• [PROBLEM]
From the line containing "35002846 - Cover, Rear" to the final line of the listing, restate each line word for word and add nothing.

○ ○ ○ ○

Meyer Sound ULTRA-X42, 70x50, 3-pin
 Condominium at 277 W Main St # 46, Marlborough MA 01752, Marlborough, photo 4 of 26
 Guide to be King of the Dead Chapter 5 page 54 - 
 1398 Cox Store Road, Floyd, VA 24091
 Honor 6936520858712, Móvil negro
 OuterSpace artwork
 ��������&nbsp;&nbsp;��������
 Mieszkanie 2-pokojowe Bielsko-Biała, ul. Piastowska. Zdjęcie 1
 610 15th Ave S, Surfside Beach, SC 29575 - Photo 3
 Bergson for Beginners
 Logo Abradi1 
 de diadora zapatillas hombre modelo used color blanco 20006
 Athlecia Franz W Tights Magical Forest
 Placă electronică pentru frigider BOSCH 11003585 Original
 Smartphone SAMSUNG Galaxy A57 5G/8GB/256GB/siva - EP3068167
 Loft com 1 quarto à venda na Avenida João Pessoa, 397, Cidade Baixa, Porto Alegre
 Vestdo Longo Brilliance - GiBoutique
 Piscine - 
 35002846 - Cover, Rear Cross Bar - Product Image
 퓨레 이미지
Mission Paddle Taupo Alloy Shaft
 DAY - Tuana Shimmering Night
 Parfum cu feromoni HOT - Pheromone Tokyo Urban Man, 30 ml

○ ○ ○ ○

• [OUTPUT FOR THIS EXERCISE]
 35002846 - Cover, Rear Cross Bar - Product Image
 퓨레 이미지
Mission Paddle Taupo Alloy Shaft
 DAY - Tuana Shimmering Night
 Parfum cu feromoni HOT - Pheromone Tokyo Urban Man, 30 ml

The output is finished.